$2.6M settlement approved in suit claiming meditation program violated public school students' religious rights
A federal judge in Chicago has approved a $2.6 million settlement in a class action lawsuit alleging that the Chicago Public Schools violated the establishment clause when it required students to participate in transcendental meditation or observe a half hour of silence.
U.S. District Judge Matthew Kennelly of the Northern District of Illinois approved the settlement in a May 7 docket entry.
The Chicago Board of Education and the David Lynch Foundation, which hired the meditation instructors, will pay the settlement. It will be distributed to 773 students who are or were students at eight schools that participated in the meditation program, according to a May 8 press release.

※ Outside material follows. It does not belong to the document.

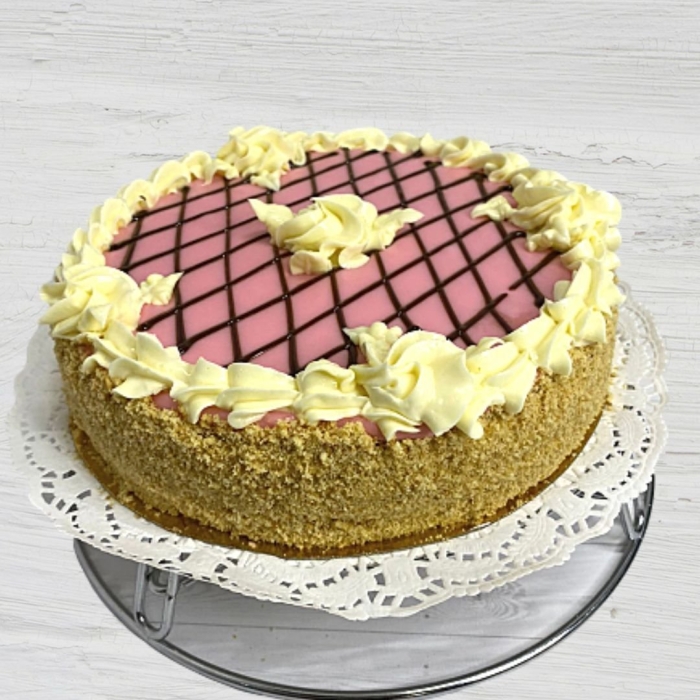 Торт песочный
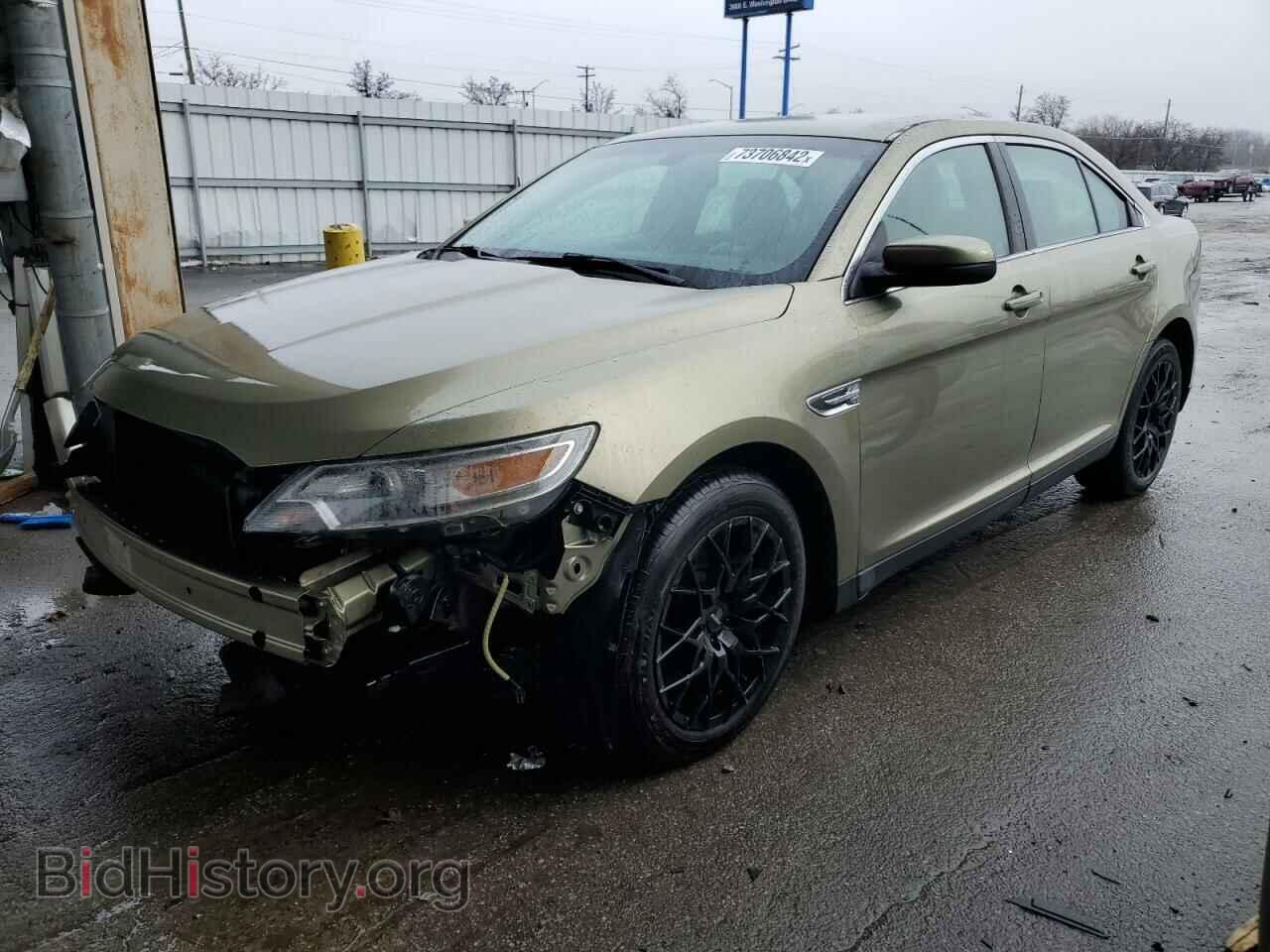 Photo 1FAHP2EW1CG119720 - FORD TAURUS 2012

The defendants did not admit liability, according to a Jan. 17 motion for preliminary approval of the settlement.
The lead plaintiff in the suit, Kaya Hudgins, was a practicing Muslim at the time of the “Quiet Time Program,” according to prior coverage by Patch and Religion News Service and an April 2024 press release. Transcendental meditation was represented as nonreligious, but the mantras that students were taught to silently repeat were in fact words that honored or referenced specific Hindu deities, the suit had alleged.
The suit also alleged that students were required to complete a “Puja” initiation ceremony that included chants recognizing powers of Hindu deities. During the ceremony, instructors allegedly placed items around a picture of a former teacher of transcendental meditation.
In April 2024, Kennelly certified the class action suit under an establishment clause claim.
A lawyer for the students, John Mauck of Mauck & Baker, commented in the May 8 press release.
“This settlement vindicates the concerns of former students and parents that the initiation ceremony and daily meditation regime were effectively demonic invocation and thus violated the establishment clause of the Constitution,” Mauck said. “We hope this settlement will deter those who exploit young people, and that it will encourage the Chicago Board of Education to be wary of harming students by allowing wolves to prey on the sheep they are obligated to protect.”
Mauck also represented a Christian student who received a $150,000 settlement in a separate suit over the same program.